Jittery customers run on banks in Crimea

Citizens concerned regarding uncertainty of peninsula's future

3/13/2014
ASSOCIATED PRESS
  • Biden-US-Ukraine

    Ukraine Prime Minister Arseniy, right, waves as he is greeted by US acting Chief of Protocol Natalie Jones, left, during his arrival at the White House in Washington, Thursday, March 13, 2014. Arseniy is meeting with Vice President Joe Biden before traveling to New York to visit the United Nations. (AP Photo/Manuel Balce Ceneta)

    ASSOCIATED PRESS

  • SIMFEROPOL, Ukraine — Ukraine’s largest bank says customers in the nation’s Crimean Peninsula are lining up to withdraw cash from their accounts as the region occupied by Russian troops prepares for Sunday’s referendum on joining Russia.
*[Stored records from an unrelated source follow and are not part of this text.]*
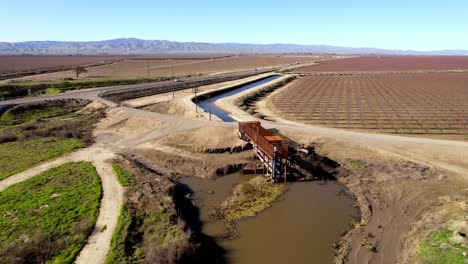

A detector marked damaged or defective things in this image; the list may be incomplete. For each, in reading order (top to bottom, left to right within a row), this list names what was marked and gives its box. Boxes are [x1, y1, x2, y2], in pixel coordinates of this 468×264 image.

rusty metal structure [238, 121, 288, 182]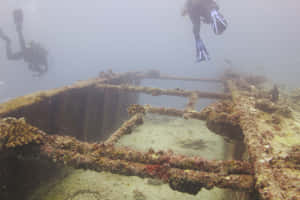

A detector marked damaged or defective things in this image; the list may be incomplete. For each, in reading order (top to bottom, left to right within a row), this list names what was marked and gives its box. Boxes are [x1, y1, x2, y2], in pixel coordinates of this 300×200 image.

corroded metal beam [94, 83, 230, 99]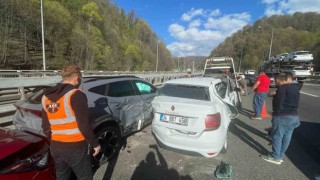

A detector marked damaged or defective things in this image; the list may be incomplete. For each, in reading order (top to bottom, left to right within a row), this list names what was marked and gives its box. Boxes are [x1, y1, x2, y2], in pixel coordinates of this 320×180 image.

damaged vehicle [12, 75, 158, 164]
damaged vehicle [151, 76, 239, 157]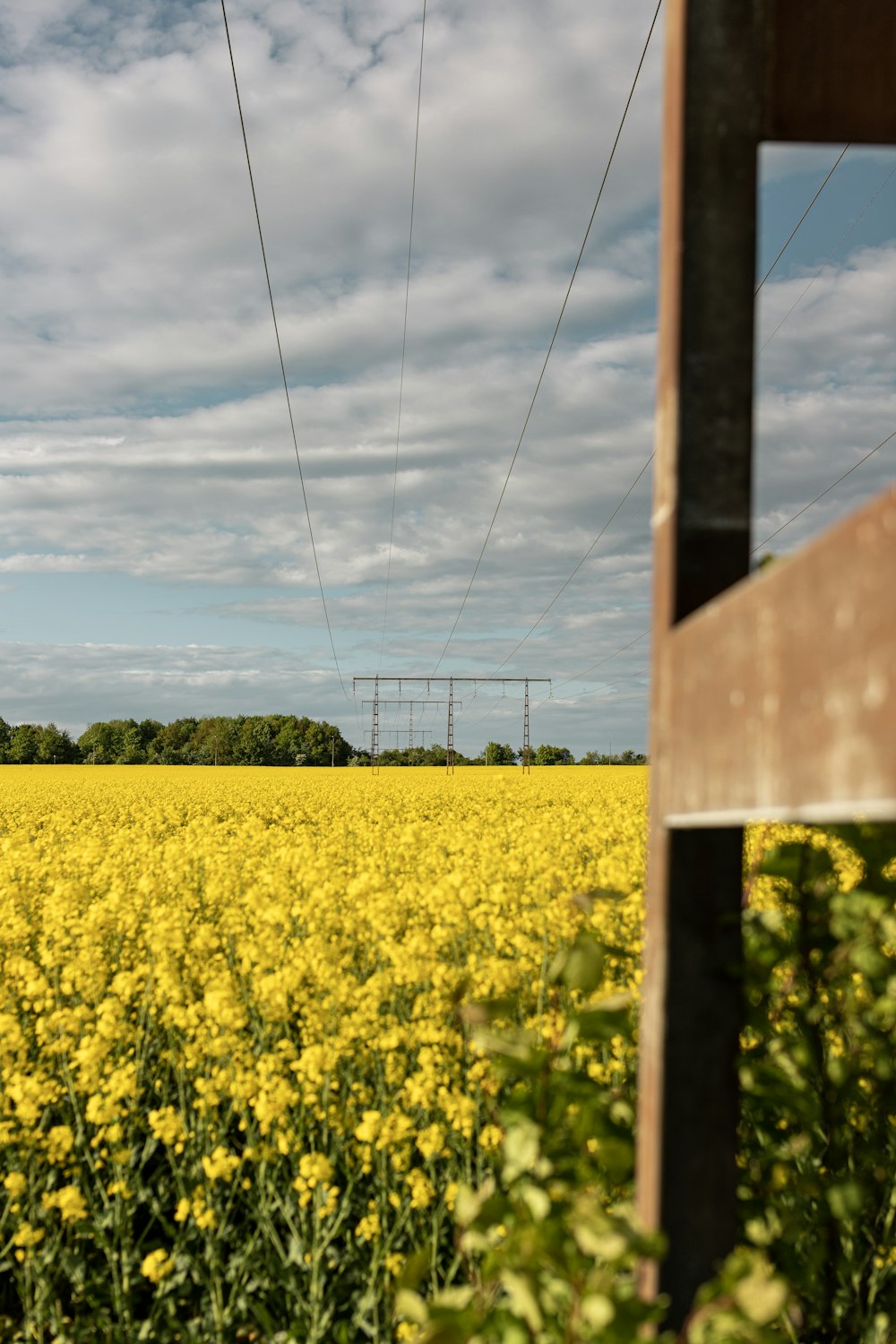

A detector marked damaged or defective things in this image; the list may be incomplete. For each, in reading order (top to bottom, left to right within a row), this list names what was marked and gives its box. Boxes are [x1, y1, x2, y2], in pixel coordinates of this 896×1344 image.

rusty metal panel [762, 0, 896, 144]
rusty metal panel [658, 481, 896, 817]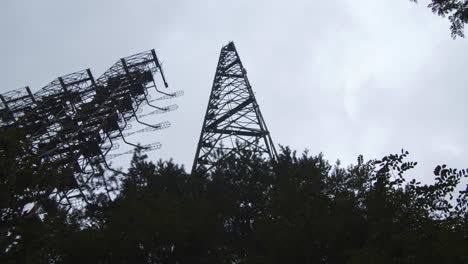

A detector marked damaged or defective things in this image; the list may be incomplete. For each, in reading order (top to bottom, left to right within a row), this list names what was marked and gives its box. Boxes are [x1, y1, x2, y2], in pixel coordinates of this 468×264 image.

rusty metal framework [0, 49, 183, 210]
rusty metal framework [192, 42, 276, 174]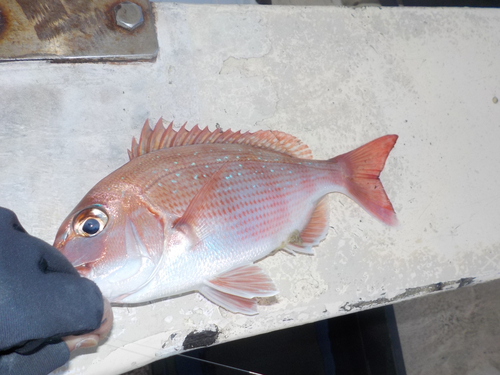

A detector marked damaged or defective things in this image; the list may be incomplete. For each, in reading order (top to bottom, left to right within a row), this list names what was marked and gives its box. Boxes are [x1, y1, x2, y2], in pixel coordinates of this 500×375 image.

rusty bolt [114, 1, 144, 31]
    Lines of customers could be seen forming today outside Privat and other banks amid uncertainty over the peninsula’s future.

    Oleh Serha, a spokesman for Privat bank, said all banks in Crimea are struggling to deliver more cash to the region, where tensions are high between ethnic Russians and minority ethnic Ukrainians and Tartars.

    Serha said the bank has imposed a limit of 1,500 hryvna ($150) on daily withdrawals across all of Ukraine.

    Its government and Western nations have denounced the referendum as illegitimate and warned Russia against trying to annex Crimea.